Hurkle-durkling to nowy trend podróżniczy. Na czym polega?

Hurkle-durkling zachęca wszystkie przebodźcowane i przemęczone osoby do spokojnego wypoczynku. Czasem właśnie tylko tego nam trzeba.
Urlop nie musi być aktywny
Do tej pory urlop zwykle kojarzył się z wyjazdami. Te rzecz jasna często wiązały się z aktywnymi formami spędzania czasu, wielogodzinnym zwiedzaniem i eksplorowaniem nowych miejsc. Teraz internauci zaczęli zwracać uwagę, że zmęczonym i zestresowanym ludziom bardziej przyda się poleżenie w wygodnym łóżku niż kolejna gonitwa. Wiąże się z tym hurkle-durkling, który zdobywa coraz większą popularność.

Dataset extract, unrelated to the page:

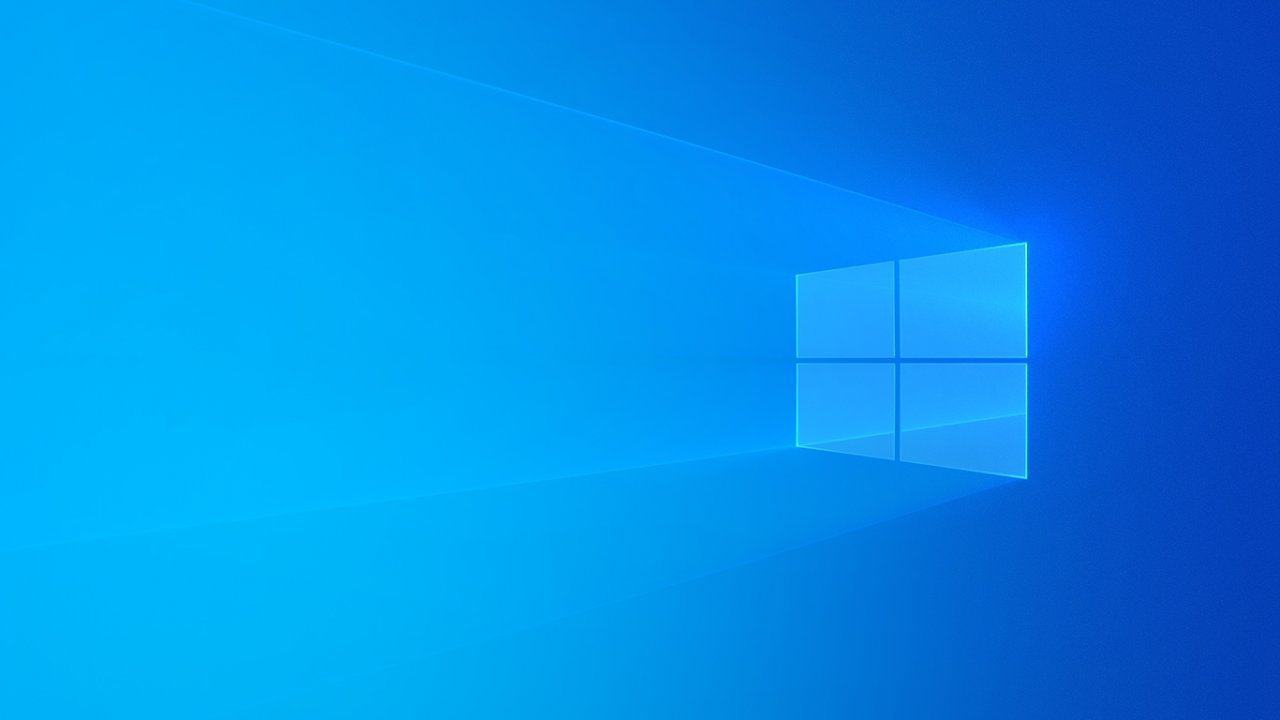 Завершается поддержка Windows 10 November 2019 Update (версия 1909)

Zwrot wywodzi się z języka szkockiego i był używany już w XIX wieku. Tym mianem Szkoci określali długie wylegiwanie się w ciepłym łóżku, by wypocząć, spokojnie poczytać książkę lub zrobić inne rzeczy, które nie wymagają wychodzenia spod kołdry. Nigdy nie wiązano tego jednak z typowym bezczynnym gniciem w łóżku lub pozostawaniem w nim z powodu złej kondycji psychicznej. Hurkle-durkling to nagroda dla zmęczonych osób, które chcą bez presji odpocząć w swoim domu lub wygodnym hotelowym pokoju.
Alejki w supermarkecie zamiast pieszych szlaków? Turystyka sklepowa rośnie w siłę
Hurkle-durkling: zwolnić tempo
Pracownicy znanych hoteli zauważają, że trend zyskuje popularność w miesiącach zimowych, kiedy spędzanie czasu w ciepłej i przytulnej przestrzeni jest dla nas szczególnie atrakcyjne. Idąc tym tropem, amerykański hotel The Williams Inn oferuje swoim gościom pakiet Literary Sabbatical, dzięki któremu przyjezdni mogą skorzystać z biblioteki umieszczonej w apartamencie.
Kolejnym miejscem, w którym wprowadzono udogodnienia, jest butikowy hotel Bellyard w Atlancie. W jego ofercie pojawiły się pakiety zawierające długie kąpiele, które nie wymagają opuszczania hotelowego pokoju.